Für die Zürcher Wirtschaft waren aus der Sommersession folgende Geschäfte besonders relevant:
Finanzierung 13. AHV-Rente: Die 13. AHV-Rente wird 2026 erstmals ausbezahlt. 4,2 Milliarden Franken sind dafür nötig. 2030 dürften es rund 4,5 Milliarden Franken sein und im Jahr 2040 gegen 5,4 Milliarden Franken. Letztlich konnten sich beide Kammern zu einem Kompromiss durchringen. Dieser sieht eine unbefristete Mehrwertsteuererhöhung um 0,4 (Normalsatz) und 0,2 Prozentpunkte (Sondersatz), jedoch keine zusätzliche Lohnprozentabgabe vor – muss aber noch vor das Volk. Damit wäre etwa ein Viertel des finanziellen Mehrbedarfs gedeckt.
Technologieoffenheit: Die Schweiz benötigt derzeit genügend Strom – auch im Winter. Um den Langzeitbetrieb bestehender Anlagen zu sichern und als Option für die Zukunft braucht es Technologieoffenheit. Dieser Meinung ist nach dem Bundesrat und dem Ständerat letztlich auch der Nationalrat. Er hat den Gegenvorschlag zur Blackout-Initiative angenommen. Das letzte Wort wird das Volk haben. Links-Grün hat bereits das Referendum angekündigt.

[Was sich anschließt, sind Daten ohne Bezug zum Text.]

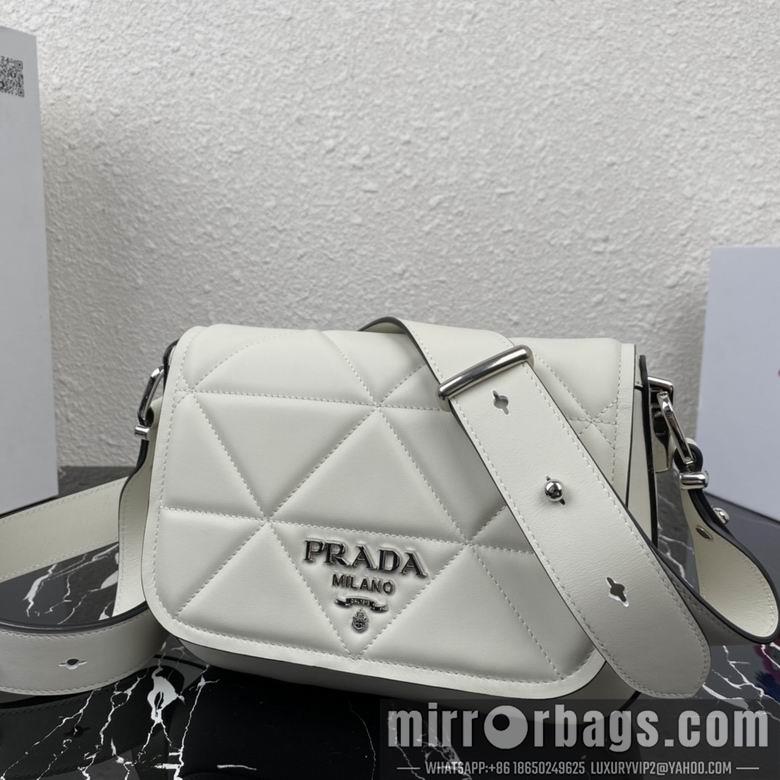 Prada Bags 1BD283 23X18X5cm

Ladenöffnungszeiten: Der Ständerat hat sich äusserst knapp gegen eine Standesinitiative des Kantons Zürich zur Flexibilisierung der Sonntagsverkäufe und damit auch gegen den Bundesrat ausgesprochen. Diese würde den Kantonen ermöglichen, statt wie bisher vier neu bis zu zwölf Sonntagsverkäufe pro Jahr vorzusehen. Das Geschäft ist nun zurück beim Nationalrat.
Freihandel: In geopolitisch unsicheren Zeiten wird die Diversifizierung von Absatzmärkten für die Schweizer Wirtschaft noch wichtiger. Die neuen Freihandelsabkommen mit Mercosur und Malaysia verbessern die internationalen Rahmenbedingungen für Schweizer Unternehmen und stärken deren Position in wichtigen Wachstumsmärkten. Die Bauern sowie SP und Grüne stellten sich im Nationalrat jedoch gegen das Mercosur-Abkommen, über das nun als Nächstes der Ständerat berät. Das Abkommen mit Malaysia wurde im Parlament zwar genehmigt, es droht jedoch das Referendum.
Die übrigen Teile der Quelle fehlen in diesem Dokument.